Should you propose this leap year?
It’s no secret that 2020 is a leap year, which means the traditional genre roles are reversed and for one day only traditionally acceptable for women to propose to men on the 29th Feb. But we asked, as it is 2020 and the modern world has changed so much, gender roles aren’t a prominent as they used to be- even since the last leap year in 2016. What are men’s thoughts on this in today’s society? Do they want us, women, to get down on bended knee and pop the question, or is the onus still on them to ask for our fair hand in matrimony?
We hit the streets and asked men the all-important question.
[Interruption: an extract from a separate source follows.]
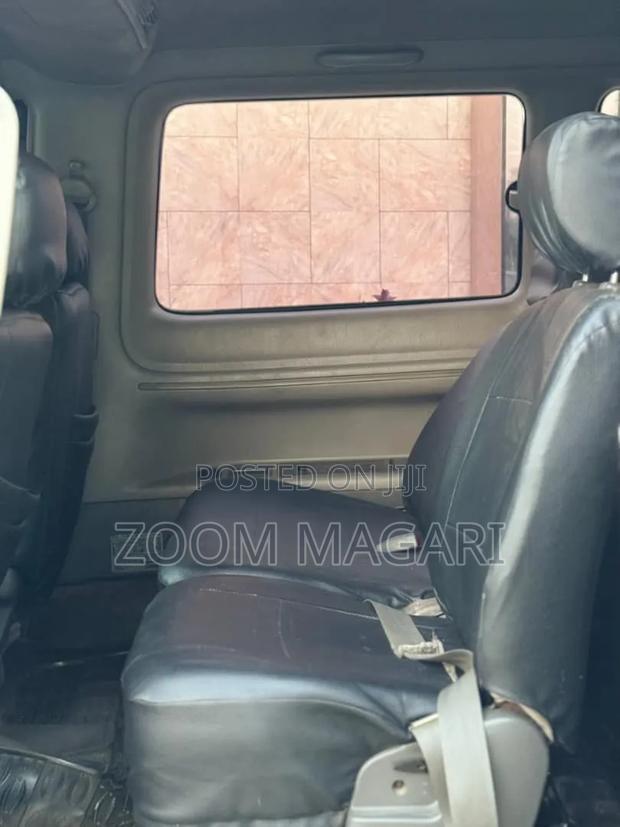 Toyota Noah 2001 Silver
What would you do if your other half proposed to you on a leap year?
And the results were somewhat unexpected…
First up was Greg, aged 34 from Swindon
Greg ‘Actually, I proposed to my girlfriend at Christmas, so this doesn’t really count for me. But – to be totally honest, I wouldn’t like it. Erm, I just think some things need to stay traditional. A woman popping the question isn’t right, would be like a woman playing James Bond, it just shouldn’t happen!’
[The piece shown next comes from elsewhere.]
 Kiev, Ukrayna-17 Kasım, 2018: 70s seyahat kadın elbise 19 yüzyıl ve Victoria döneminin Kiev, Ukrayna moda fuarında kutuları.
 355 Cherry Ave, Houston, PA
Next, we cornered Dave outside a kebab shop in Cambridge, Aged 26
Dave answered; I’m not gonna lie, I’d probably Forest Gump it and just start running!!! Well, okay that isn’t strictly true, I love my girlfriend, but us men mature later, we need more time to decide if a relationship is a lifelong thing than a woman, I think. If I haven’t proposed, it’s because I’m not there yet, I’m not ready, and I’d feel awful if she did pop the question because I’d probably have to say no. Or, worse, stumble out pressurised ‘yes’ and then spend the next few months figuring out how to call the whole thing off without ruining our relationship. Would that even be possible?
Okay, Dave raised a good point here…
Tony, aged 29 Torquay.
To be honest, if my girlfriend ever got down on her knees, I’d start unzipping my fly! Chance would be a fine thing!! No, seriously though, we’ve actually been together for a few years now, we have a baby, and she chose to change her surname name to mine when we had the baby so though we don’t have the piece of paper to say we are married, we look like we are and that suits us just fine. No need for rings here.
And finally, a more balanced response from Simon, 37 Trowbridge.
Simon; ‘I’ve been married a few years now so this doesn’t really apply, but popping the question was one of the scariest things I’ve ever done in my life so having that pressure removed wouldn’t be a bad thing for me. Well, I guess if she made an outrageous proposal with a flash mob or something, I might feel a bit emasculated, but a quiet conversation over dinner would have been just brilliant. I knew she was the one from the moment we met, and I’d wanted to ask her for months, but it was getting the courage to do it that was my problem.